● **TO DO**: Transcribe every line from the one containing "DL8843 Delta Air" to the end of the listing, exactly as written, and leave out the pictures.
SUPPLIED INFORMATION section start
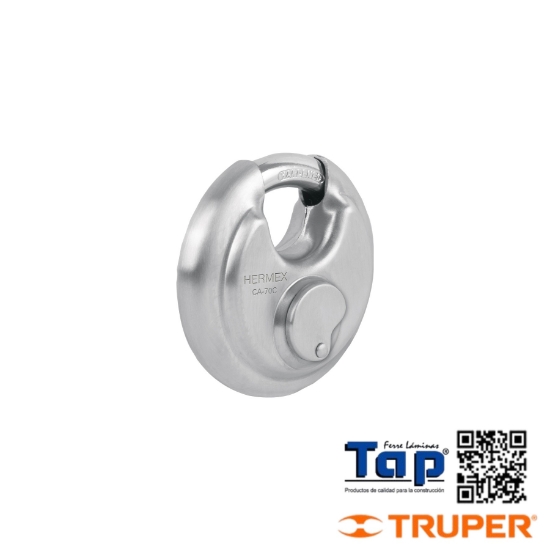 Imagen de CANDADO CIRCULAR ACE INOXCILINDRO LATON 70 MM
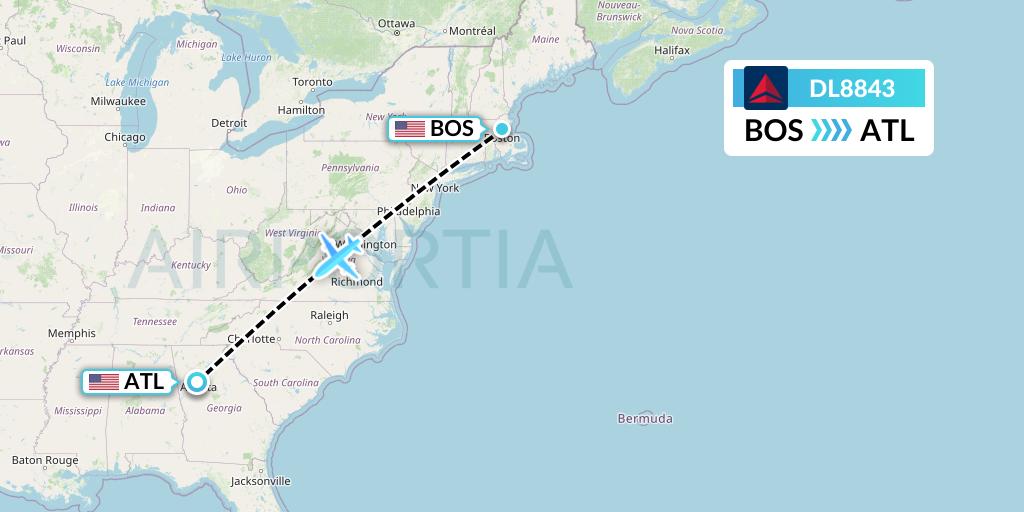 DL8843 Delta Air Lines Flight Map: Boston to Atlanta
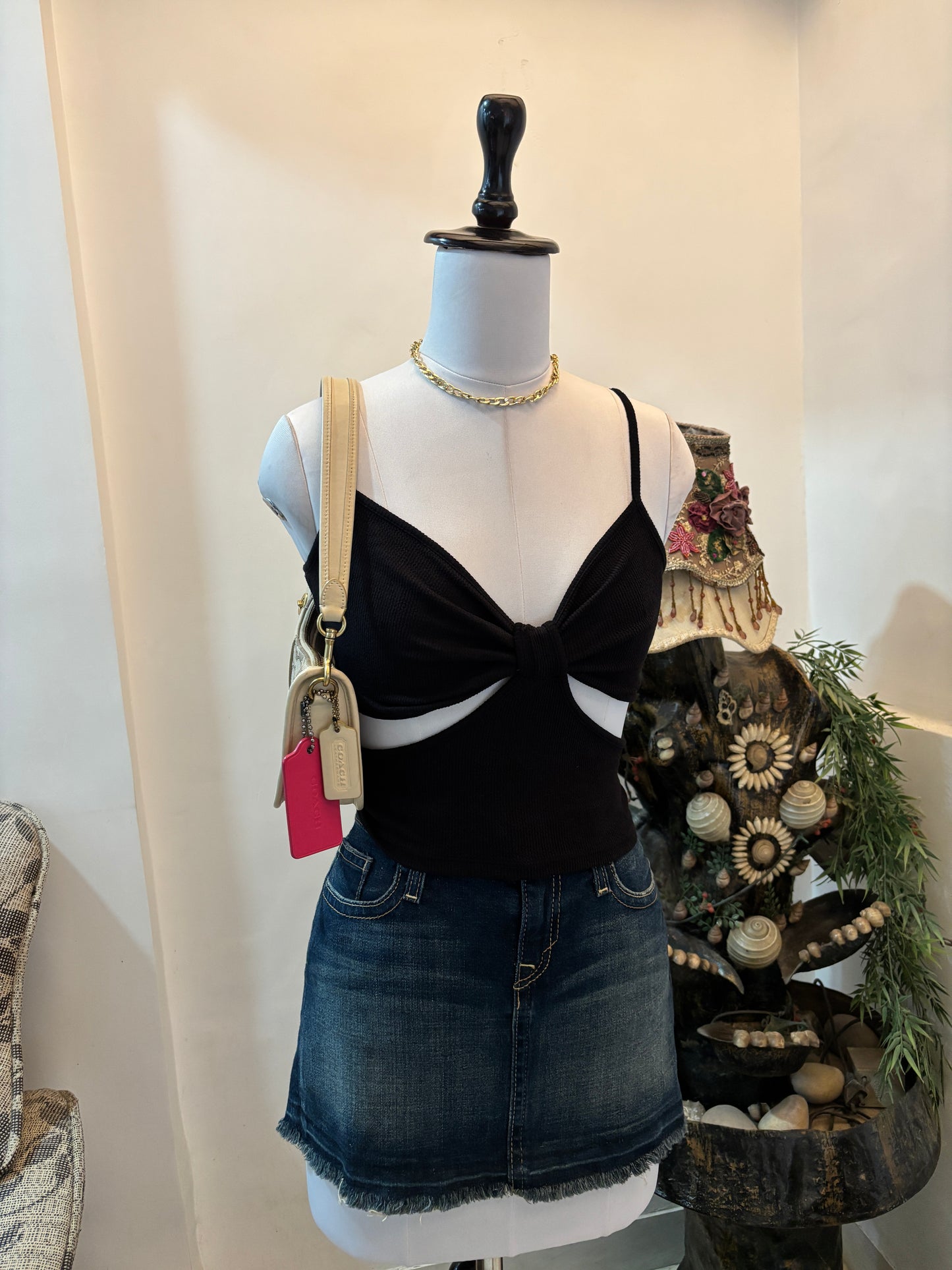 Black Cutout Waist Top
SUPPLIED INFORMATION section end
● **YOUR SOLUTION**:
 DL8843 Delta Air Lines Flight Map: Boston to Atlanta
 Black Cutout Waist Top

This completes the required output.